Close your eyes. Imagine Drake's house. What kind of mansion would the Toronto-based rapper live in? If you thought "tacky nightclub John Wick set," you would be correct.
Drake's home was recently featured in Architectural Digest, and the photos raise a lot of questions, questions like, "What?" "Why?" "Who?" "Where?" "What?" "How?" And, "Who told him it was a good idea to make every surface in his entire house reflective?"
This is some bar, eh? Architectural Digest reports that his massive house, which is in Toronto, is 50,000 square feet, which is obviously enough room to have a bar that looks like it's part of a space ship. The house has an NBA regulation-size basketball court and a black-marble pool, which, um, looks crazy.
Do you think Drake said, "I want to be able to see myself in every surface in this mansion"? Because that's certainly what it seems like. The neon and black lights make me feel like I'm at the world's worst club.
Oh, but there's more. Every single room in his house is "extra" to the nth degree. I can't imagine an actual human soul living in this monstrosity. It's just so devoid of warmth.

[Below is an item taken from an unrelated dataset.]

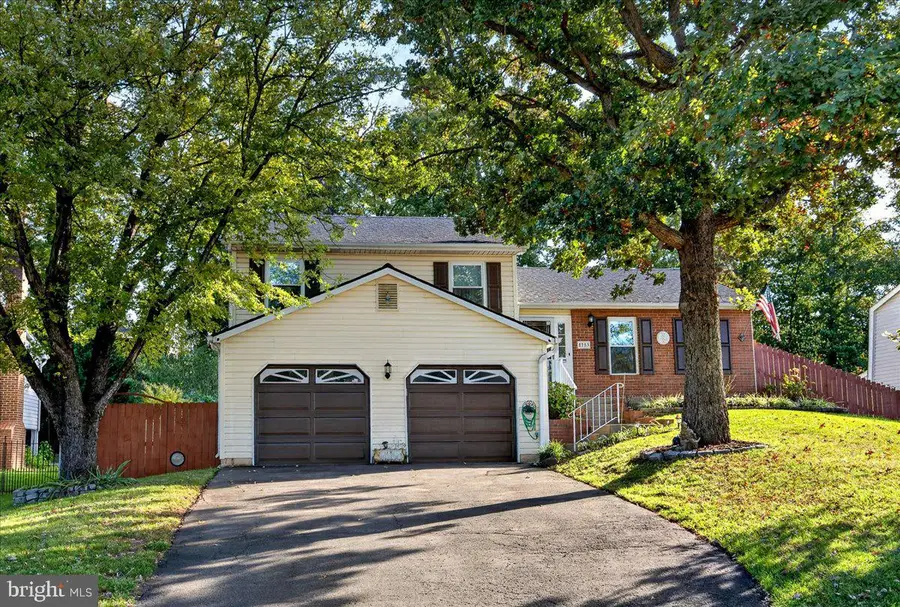 8753 Country Ln, Manassas, VA 20110 - #2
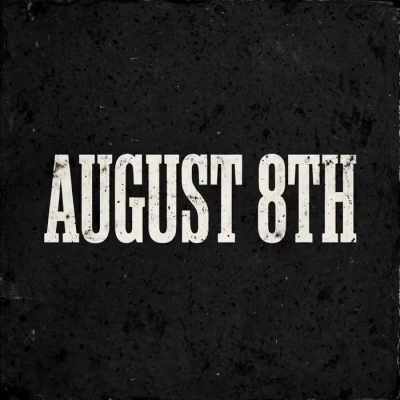 Planetary & Trxstworthy – August 8th EP (WEB) (2026) (320 kbps)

Well, folks, I never thought this day would come, but it is here. I have officially asked myself, "How much marble is too much marble?" And in the same breath, I've found the answer. This. This is too much marble.
Drake has a name for his mansion, of course, and that name is The Embassy. Fitting for a house that looks more like an over-the-top hotel meant for slick businessmen who order a lot of bottle service.
Can you imagine Drake and his toddler son hanging out on this couch? No, no you can't. It's impossible. This doesn't look like a home. And the pink lighting is pretty unbearable.
Obviously, people had a lot of opinions about Drake's house, most of which echo mine. This is a house that seems to only want to scream from its rooftop, "My owner is rich!!! He has a ton of money!! No, like a really insane amount of money!"
"It's unfortunate money doesn't buy taste," one person wrote. Drake's mansion is like if Dr. Phil's son was Canadian and got his hands on a bunch more money. Their houses both ooze the same weirdness.
One of the things I cannot get over are the spiky chandeliers that he has surrounding his staircase. I can't imagine he saw those and said, "Yes, those are pleasant to look at. Give me a dozen."
But also, is this an optical illusion? I don't know what's stairs and what's a mirror. This place is designed for me to walk into a mirror, stumble backward, and get impaled on a chandelier. I don't like it, I tell you!!!
There were seemingly two camps when it came to Drake's house: those who believe it looks like a nightclub and those who think it looks like a mall. I think it's a perfectly horrendous combination of the two.
Like, I'm sorry, this just looks right. And if Drake had leaned hard into the mall thing and actually put gumball machines, snack kiosks, a Wetzel's Pretzels, and a Bath and Body Works in his home, maybe I would have respected the move.
But as it stands, Drake's home is shocking, and not in a good way. Drake, what's up, man? You good? You know we know you have a lot of money, right? You don't have to prove it to us every chance you get. We believe you, Drake. You don't have to live like this.